Many people are uncomfortable mingling during a networking event. We are often worried about what people will think of us. The easiest way to get around that is to put your focus on them. How? First of all, look for people who appear somewhat lonely, standing by themselves. They will appreciate you coming up to them asking what brings them to the event, etc. This helps get conversations going before you walk up to groups of people who might be engaged in a conversation. It is easier to enter a group when someone leaves and you can enter in comfortably. These tips will also help:
- People approach when your back is to light, such as standing in front of a window during the daytime
- Keep your posture erect, arms and fingers open, with a friendly smile that invites conversation
- Always hold your beverage in “left” hand to avoid wet and clammy handshake
The concept of interaction zones is used to illustrate individuals’ preferred zones of physical closeness during communication and interactions. Commonly defined as:
- Public space: 7 or more feet (where you want your grocery cart, space between you and the next one in the bathroom stall, an empty seat next to you in the theater)
- Social: 3-6 feet (you’re part of a group but you don’t have to yell to be heard, you’re part of the inner circle)
- Personal: 1-2 feet, for more private conversations, closer interactions
- Intimate: 0-1 foot (not for business conversations)Remember, the best conversationalists are the ones with the best “listening” skills!

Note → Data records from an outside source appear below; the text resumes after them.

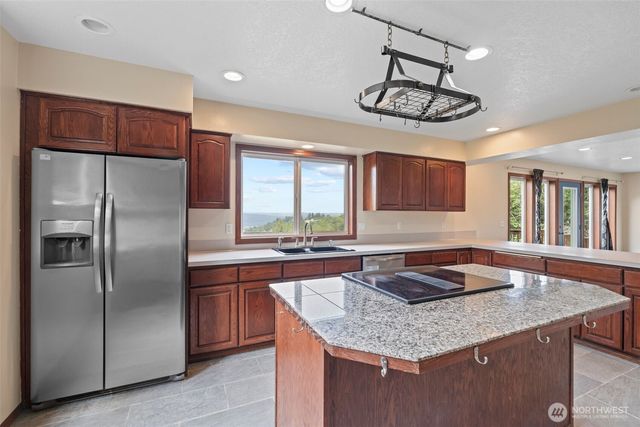 4955 Green Mountain Road, Kalama, WA 98625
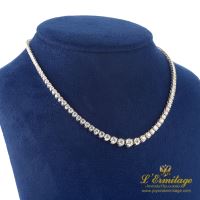 Collar riviere en oro blanco con diamantes naturales.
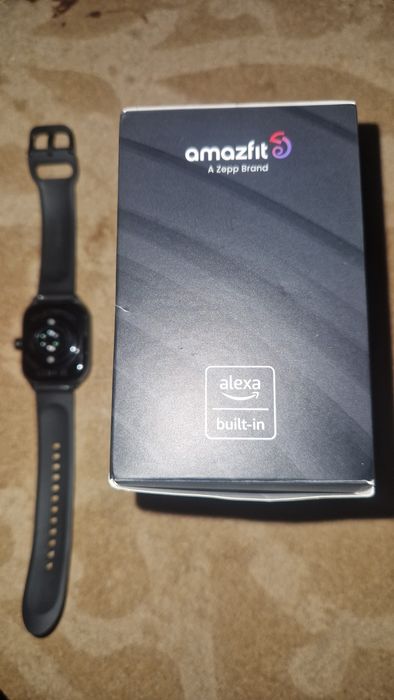 Часы продаётся! Модел: Amazfit GTS4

- Research indicates that group performance is enhanced at closer, face-to-face distances of approximately 18 inches. However, it’s important to note that this is too close for comfort for some individuals. Generally speaking, men tend to prefer greater distances in communication than women are comfortable with.
Smile, be open and engaging, ask questions, and be helpful referring others you know who could benefit the one you are speaking with. They will appreciate it and seek you out for a long-lasting relationship.